Exploratory factor analysis (EFA) was conducted to organise the 125 possible questions into groups (factors) based on similarity of topic. Individual items that did not fit a group well or that related to more than one group were not used. Thirty-one questions were retained which were found to measure the five distinct, yet interconnected factors of Pacific identity and wellbeing. Confirmatory factor analysis (CFA) was later used to confirm the structure of the PIWBS. All 31 items were found to be strongly related to the predicted factors.
Cronbach's alpha (internal reliability) measures the extent to which all the questions in a section measure the same construct/factor consistently. The five factors of the PIWBS showed excellent internal reliability, with Cronbach's alphas all above α = 0.85. The minimum accepted standard of internal reliability is α = 0.70.

The PIWBS has been used in several studies to investigate the low levels of subjective well-being found among Pacific peoples who identify with multiple ethnic groups. Differences were found in levels of subjective well-being depending on the number of ethnic groups the individual associated with. For example, people who identified only as Pacific had higher levels of wellbeing than people who identified as both Pacific and non-Pacific (e.g. New Zealand European). However, there were no differences in wellbeing levels between people who identified as only Pacific, and people who identified with two Pacific groups (e.g. Tongan and Samoan). This suggests that lower wellbeing only occurred when the two ethnic groups associated with, were very different (e.g. Pacific and New Zealand European).

Identity Tension Effect: Associating with both a Pacific group and a majority ethnic group (e.g. New Zealand European) may lead to negative feelings about Pacific aspects of identity. This is because people who identify with multiple ethnic groups tend to be more likely to internalise negative stereotypes about Pacific people held by the majority. This can lead to identity confusion and lowered self-esteem.

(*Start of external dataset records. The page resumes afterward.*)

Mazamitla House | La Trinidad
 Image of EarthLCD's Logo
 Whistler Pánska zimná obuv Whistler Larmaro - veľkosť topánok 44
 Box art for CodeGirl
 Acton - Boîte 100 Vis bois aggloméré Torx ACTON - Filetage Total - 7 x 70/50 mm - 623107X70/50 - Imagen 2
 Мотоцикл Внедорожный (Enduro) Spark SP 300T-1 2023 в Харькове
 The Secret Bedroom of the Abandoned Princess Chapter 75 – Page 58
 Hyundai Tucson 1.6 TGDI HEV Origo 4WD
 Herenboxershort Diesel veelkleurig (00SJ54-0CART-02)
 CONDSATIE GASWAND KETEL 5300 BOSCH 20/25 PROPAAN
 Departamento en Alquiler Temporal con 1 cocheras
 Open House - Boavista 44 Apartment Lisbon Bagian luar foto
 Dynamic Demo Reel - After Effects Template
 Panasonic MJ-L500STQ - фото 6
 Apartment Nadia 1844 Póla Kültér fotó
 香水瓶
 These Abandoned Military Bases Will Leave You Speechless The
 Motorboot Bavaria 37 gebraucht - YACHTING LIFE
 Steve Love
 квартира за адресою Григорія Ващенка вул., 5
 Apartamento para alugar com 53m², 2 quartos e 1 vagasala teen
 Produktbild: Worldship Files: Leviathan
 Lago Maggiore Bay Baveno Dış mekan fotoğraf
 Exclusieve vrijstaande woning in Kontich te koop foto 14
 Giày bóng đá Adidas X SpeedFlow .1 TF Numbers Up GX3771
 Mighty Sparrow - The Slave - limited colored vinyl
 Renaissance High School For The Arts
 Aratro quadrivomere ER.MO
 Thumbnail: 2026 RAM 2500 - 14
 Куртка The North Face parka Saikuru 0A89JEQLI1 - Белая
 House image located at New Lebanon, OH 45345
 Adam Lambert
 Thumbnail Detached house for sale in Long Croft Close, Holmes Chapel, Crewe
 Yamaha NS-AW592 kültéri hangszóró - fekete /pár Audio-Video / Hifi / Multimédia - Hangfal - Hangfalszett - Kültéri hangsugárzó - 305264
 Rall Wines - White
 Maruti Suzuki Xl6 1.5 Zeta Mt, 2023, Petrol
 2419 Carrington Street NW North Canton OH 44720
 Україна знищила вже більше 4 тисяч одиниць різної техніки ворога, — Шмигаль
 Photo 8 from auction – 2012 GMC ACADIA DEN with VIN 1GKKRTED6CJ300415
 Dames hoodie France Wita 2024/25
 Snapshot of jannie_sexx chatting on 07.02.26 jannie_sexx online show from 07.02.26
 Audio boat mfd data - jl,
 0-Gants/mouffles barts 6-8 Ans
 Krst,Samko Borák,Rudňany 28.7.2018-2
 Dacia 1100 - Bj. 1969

Population projections suggest that the Pacific community will grow by 60% by 2026. Approximately one third of Pacific people identify as both Pacific and non-Pacific. This means that a growing percentage of the New Zealand population may be at risk of a number of negative outcomes. These outcomes include both lower self-esteem, as well as decreased feelings of support from family. Through applied research interventions such as challenging negative stereotypes and promoting positive stereotypes about Pacific peoples, it may be possible to address this problem.